The exaggeration of the form of Standing Figure (Hatstand) - all comic book, hardly naturalistic - suggests she is not intended to be ‘real’. Is she a fantasy then? Her clothes - based on contemporary fetish wear - seem to suggest this. But there’s something in her super-flat machine surface and the insistent perfection of it all that pervades the work with a coolness that is at odds with fantasy. Andy Warhol understood that what makes a great Pop Art object is the total absence of the artist’s point of view - that if the artist’s critical position is easily understood, then Pop is no different from earlier forms (Dada, Surrealism) that appropriated the everyday into art. Essential to this idea is the removal of all traces of authorship. For Warhol, this led to the creation of his Factory, so that whether he himself made the work becomes irrelevant; Lichtenstein, although he actually did paint his own pictures, hides his authorship through appropriating both language and technique of comic books. For Jones, with this series of sculptures, it was key that the idea was executable to mechanical perfection: '... these sculptures come out of a programme which was really an artistic problem of depicting the figure in a way which was devoid of any reassuring signs that it was fine art. My only anxiety was that, although I knew they would be interesting objects, they might not be perceived as art' (Allen Jones, quoted in Andrew Lambirth, Allen Jones - Works, RA Publishing, London, 2005, p.32). To achieve this, Jones becomes less ‘sculptor’ and more ‘director’ as Robert Melville pointed out in his 1970 article for Vogue, entitled ‘Pop in Effigy - The Happy Home of Allen Jones: A Wife and Two Dollies’ (actually Standing Figure and Table). Melville writes: ‘Everyone who knows Allen Jones’s paintings will agree that the effigies disclose his formal preoccupations at every turn: but he has not made them’. (Vogue, January 1970, reproduced in Lambirth, op. cit., p.75). 

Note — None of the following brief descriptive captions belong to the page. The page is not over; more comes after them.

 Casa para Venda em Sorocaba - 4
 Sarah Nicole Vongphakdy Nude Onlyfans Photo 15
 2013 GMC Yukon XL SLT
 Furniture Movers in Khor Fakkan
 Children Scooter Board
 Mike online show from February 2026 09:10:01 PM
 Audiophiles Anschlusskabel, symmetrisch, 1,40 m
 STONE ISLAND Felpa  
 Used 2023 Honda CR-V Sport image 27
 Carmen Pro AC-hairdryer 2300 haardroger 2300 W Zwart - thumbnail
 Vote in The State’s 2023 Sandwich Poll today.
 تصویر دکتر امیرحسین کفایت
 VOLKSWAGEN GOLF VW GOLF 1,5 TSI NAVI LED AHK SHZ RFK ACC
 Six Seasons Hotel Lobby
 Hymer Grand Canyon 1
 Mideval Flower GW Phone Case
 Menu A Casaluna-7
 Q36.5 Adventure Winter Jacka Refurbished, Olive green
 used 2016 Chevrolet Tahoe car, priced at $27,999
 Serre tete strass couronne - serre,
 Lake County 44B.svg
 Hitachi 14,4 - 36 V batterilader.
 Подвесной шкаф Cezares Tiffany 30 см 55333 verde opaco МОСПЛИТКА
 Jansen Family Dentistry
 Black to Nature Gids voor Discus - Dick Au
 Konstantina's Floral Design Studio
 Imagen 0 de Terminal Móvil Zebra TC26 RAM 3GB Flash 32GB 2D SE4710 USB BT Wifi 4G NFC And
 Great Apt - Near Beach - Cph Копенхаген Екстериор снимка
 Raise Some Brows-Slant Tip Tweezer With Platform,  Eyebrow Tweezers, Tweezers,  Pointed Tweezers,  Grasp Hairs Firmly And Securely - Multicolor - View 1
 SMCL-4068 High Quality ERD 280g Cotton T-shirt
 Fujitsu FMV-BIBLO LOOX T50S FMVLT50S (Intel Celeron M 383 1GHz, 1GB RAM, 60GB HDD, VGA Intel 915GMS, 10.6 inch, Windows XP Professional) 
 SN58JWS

The fibreglass body was created according to Jones’s designs by Gem Wax Models, who made waxworks for Madam Tussauds; the bodies, having been sprayed and rubbed down to give an impeccable flesh-tinted finish were then hand painted by Lucia Della Rocca; leather accessories were made by John Sutcliffe of Atomage; wigs by Beyond the Fringe; the see-through bolero by his friend, the designer Zandra Rhodes. The present work has had all her costume recently updated by the artist, using, as he did back in 1969, specialist makers of leather-wear (although the bolero is the original, restored). That all the accoutrements are perfect is key to Jones’s aesthetic, to keep the work shimmering between this world and something other-worldly, a comic-book perfection but in three dimensions and in real clothes (although the boots can’t actually be worn, as they have no soles).


Allen Jones’s ‘furniture’ works are without doubt one of the most important artworks to have been made in Britain during the 1960s. In May 2012 Sotheby’s sold all three ‘furniture’ works, from the collection of Gunter Sachs. Each work was originally estimated at £40,000-60,0000, a recognition of how unprecedented, at that point, it was to see them on the open market. It took a long-drawn out bidding war - each was sold for in excess of £900,000 - for the market to demonstrate what everyone involved knew: that these were indeed iconic works of global Pop.  


As the critic Andrew Lambirth notes in his 2006 monograph on the artist, ‘Pop Art has retained its significance and its influence, perhaps because it functions in the gap between art and life, partaking equally of both’ (Lambirth, op. cit. p.19). If one adds to this its open-endedness when it comes to meaning or the artist’s intention, this is why Pop can be both of its time and still relevant today. Standing Figure (Hatstand), without doubt, made for complex viewing in its day, as it does now - but it is in this complexity, our uncertainty, that its power as an art object lies.